In addition to numerous other qualifications in education, Hugh Ross has received master’s and Ph.D degrees in astronomy, Kenneth Samples has a master’s degree in theological studies, and Mark T. Clark is a Professor Emeritus of political science. The authors are active in Reasons to Believe, “a nonprofit organization providing research, publications, and teaching on the harmony of God’s revelation in the words of the Bible and in the facts of nature.” There is no hesitation in this compact book of 255 pages to take on the worst human UFO-related disasters of the twentieth century and point directly to the cause, which is demonic.

In the Preface, Hugh Ross writes “Speculations about unidentified flying objects and extraterrestrial beings just won’t go away. They continue to crop up in conversations all over the planet.
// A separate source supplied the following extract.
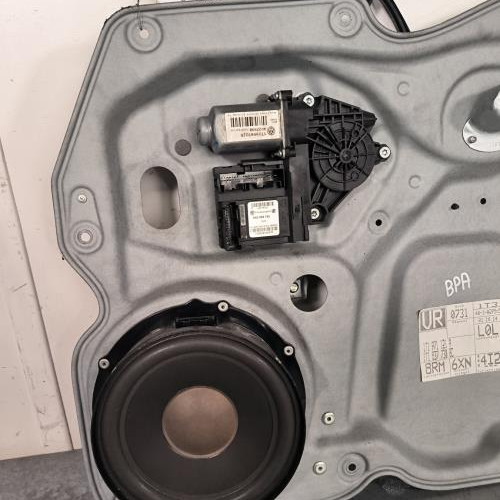 111046982-e3f67b5a-6317-40b6-8608-e9ed03e7b477-Piece-Leve-vitre-electrique-avant-droit-1T1837462B-VOLKSWAGEN-TOURAN-2-73859b23f1fafa7d43bf9aeb87dc0315588f5136ef5ac89c771ce890df3896f6_m.jpg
Almost everyone can tell a story of seeing weird lights in the sky – lights that seem to defy explanation.” Little green men are those beings who fly overhead in spaceships, sometimes landing. “We hope this book will compel people to explore beyond surface explanations.”

Kenneth Samples opens the first chapter with references to sightings from antiquity through the twentieth century, with an increase of sightings by pilots during World War II, who speculated that these anomalies, called “Foo Fighters,” were advanced enemy aircraft. “From the late 1940s through the 1960s, the United States Air Force investigated UFO reports through various projects and committees, concluding with the “Condon Report,” which states that “further extensive study of UFOs probably cannot be justified in the expectation that science will be advanced thereby.” However, the subject has obviously not gone away and has continued to be carried, e.g., by NASA’s SETI (Search for Extraterrestrial Intelligence), professional ufologists, social scientists, UFO enthusiasts and debunkers, New Agers, UFO cult members, and Christian theologians and apologists.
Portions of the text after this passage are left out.